Thursday, May 25, 2017

Orbital Cloud by Taiyo Fujii

Orbital Cloud offers up a vision of a near future that runs the risk of being bleak (the vision - not the story).

Set just a few years in the future it's not your typical wild end of the world read. Instead it offers up a believable tale of spy shenanigans, terrorism, and technology teaming up to take control of the edge of space - low earth orbit. 

What's most likeable about this is almost everything is believable. With stories of economic terrorism and spying led by North Korea, and the rest of the world trying to sort out how to co-operate to deal with the situation.

Thursday, May 18, 2017

The Vanished: The "Evaporated People" of Japan by Léna Mauger, Stéphane Remael

The Vanished is at once a very sad and a very uplifting book. It's a collection of stories about a few of the 100,000 disappeared or evaporated in Japan - the johatsu - who just slip away every year. Supposedly this happens more in Japan than anywhere else. 

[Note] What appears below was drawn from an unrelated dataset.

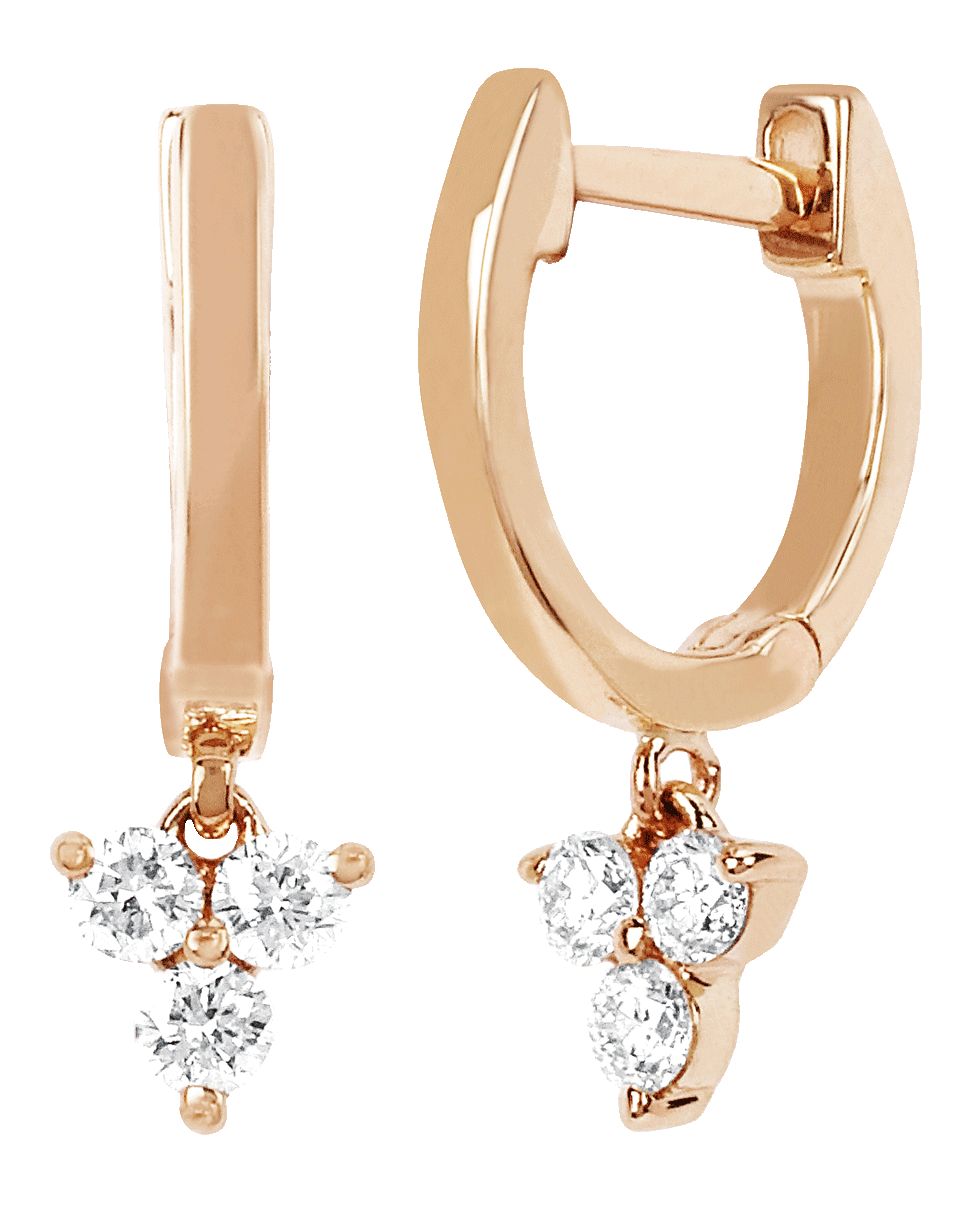 EF COLLECTION-Diamond Trio Drop Huggie Earrings-ROSE GOLD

The stories are sad because they are about people fleeing and leaving behind those they love. In some cases they never meet again. 

Monday, May 15, 2017

Japan Modern: New Ideas for Contemporary Living by Michiko Rico Nosé

The subtitle of Japan Modern may be a bit misleading - these new ideas may no longer be new. The book was first published back in 2000 so many of the homes were products of the late 1990s. 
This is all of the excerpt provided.